Sullivan stars as Malcolm Haywood, a comically exasperated elderly African-American man whose door is kicked in by police every week because of a glitch in their database. The only thing keeping him from being shot by panicky cops is a new recruit named Emily Militis (Lisa HoriGarcia, bursting with innocent idealism), who still thinks she’s there to serve and protect citizens and doesn’t yet see everyone as a potential threat.
Always hanging around Haywood’s apartment is his neighbor Lluis (an amusingly mischievous Hugo E. Carbajal), an undocumented immigrant with a foolproof gambit of deflecting police by putting on a Yiddish accent and inviting them to play pinochle.
George P. Scott plays Haywood’s upstanding young grandson Nathaniel, freshly returned from serving in the army in Afghanistan, and Malcolm immediately starts prodding him to re-enlist. Malcolm, who keeps talking big about his ’60s radical days, says it’s all part of their plan to prepare for the revolution, but his real concern isn’t hard to guess: A young black man is safer on a battlefield overseas than he is just minding his own business at home in the USA.

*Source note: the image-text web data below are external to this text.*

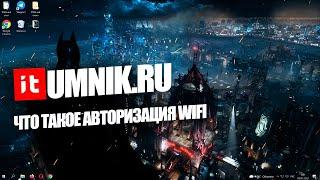 ЧТО ТАКОЕ АВТОРИЗАЦИЯ WIFI?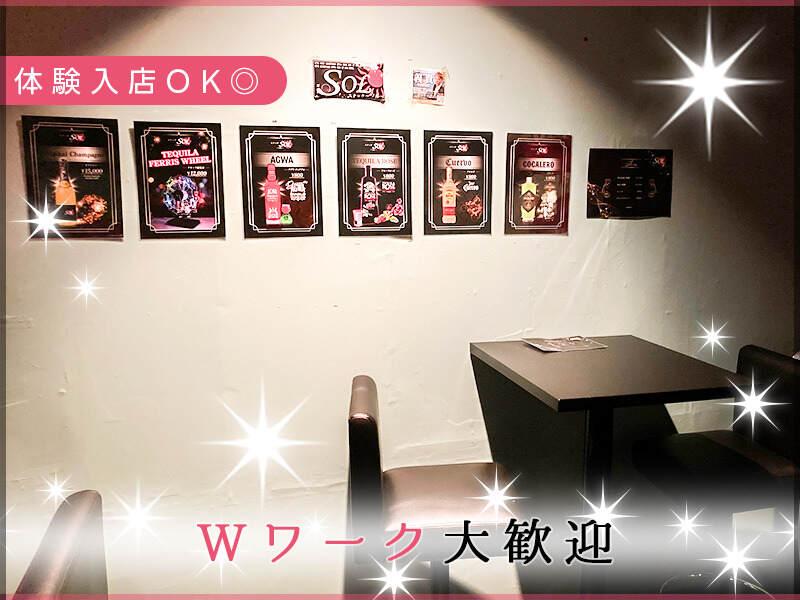 スナックSOLの仕事画像2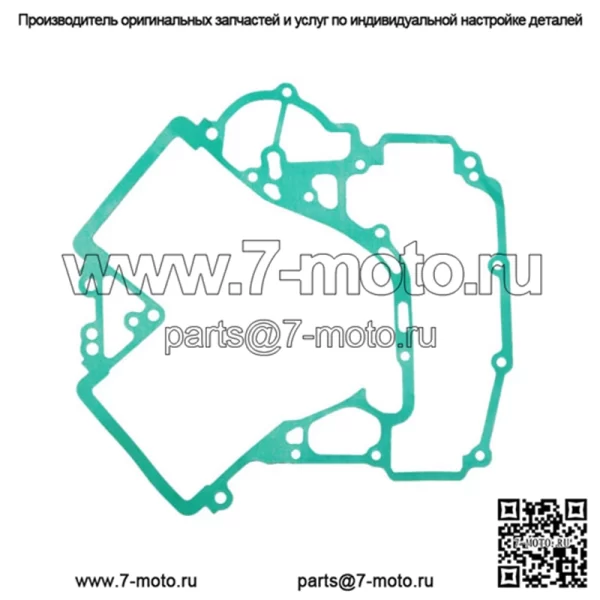 Can-Am Outlander Renegade 1000 850 570 2007-2022 OEM прокладка картера 420651220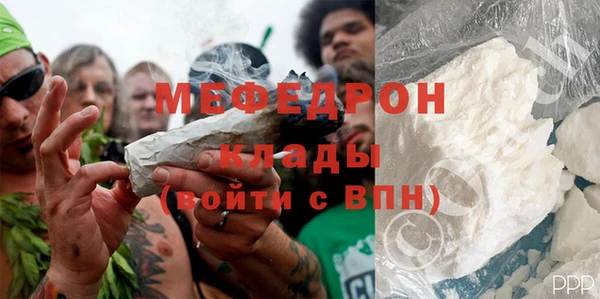 спиды Нягань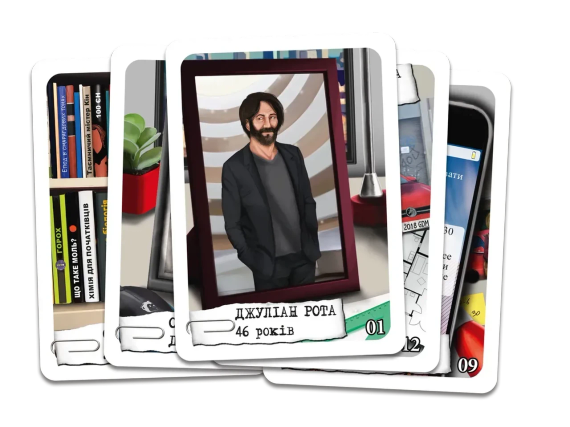 Настольная игра Шерлок. Пропавший без вести (Whereabouts Unknown) | Зображення 1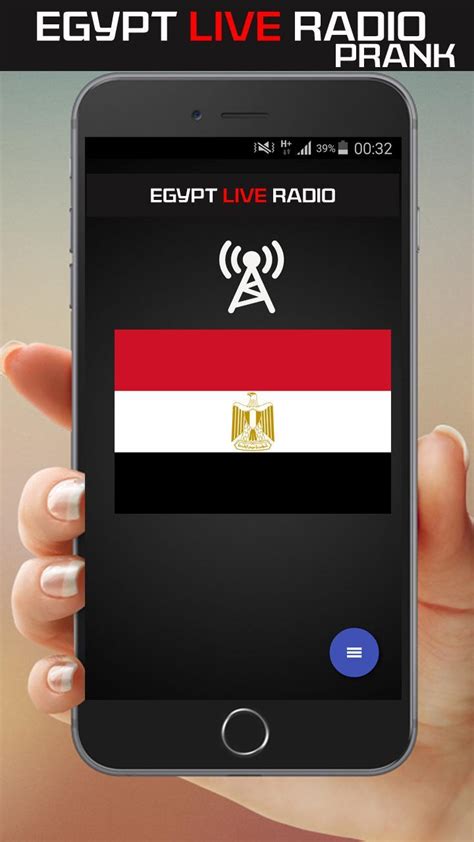 Egypt Radio - Live Radio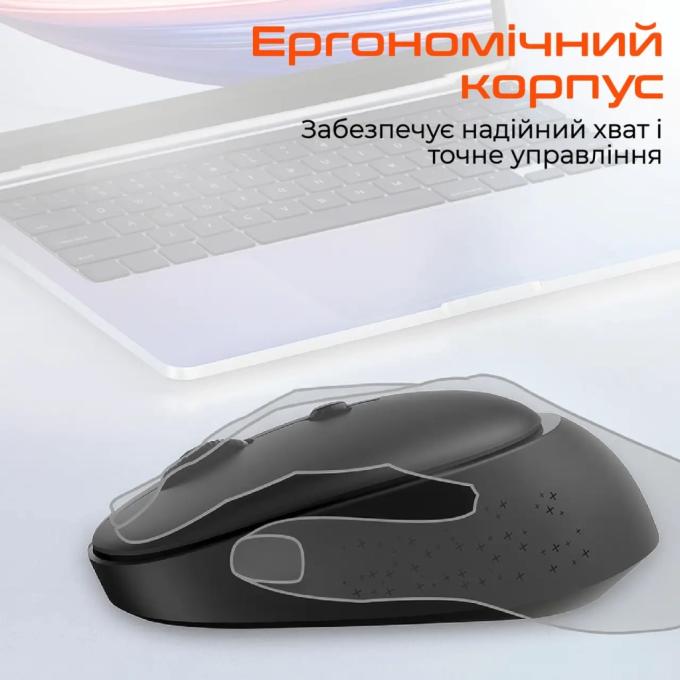 Meetion MT-R571-C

The small cast of four plays many other parts in the course of the 80-minute show. Carbajal portrays a powerhungry police chief who spreads fear of a new street drug called “SNORF” to provide a pretext for police raids and keep funds rolling in for military-style equipment. Sullivan plays the craven, scheming mayor and a scarily overenthusiastic police cadet who obsessively quotes action movies.
As convoluted as the setup seems, Sullivan’s script is one of his sharper and more focused ones for the company, with deft running gags and a powerful wallop of a reality check lurking under the satirical silliness. The songs by Ira Marlowe are few and largely lackluster, but there’s an appropriately stirring closing number to drive the message home.
Briskly directed by former Troupe member Andrea Snow, the show is high-energy and often hilarious while also serving as a sobering depiction of how entire segments of the population can be automatically seen as a threat because of the color of their skin in this supposedly “postracial” society.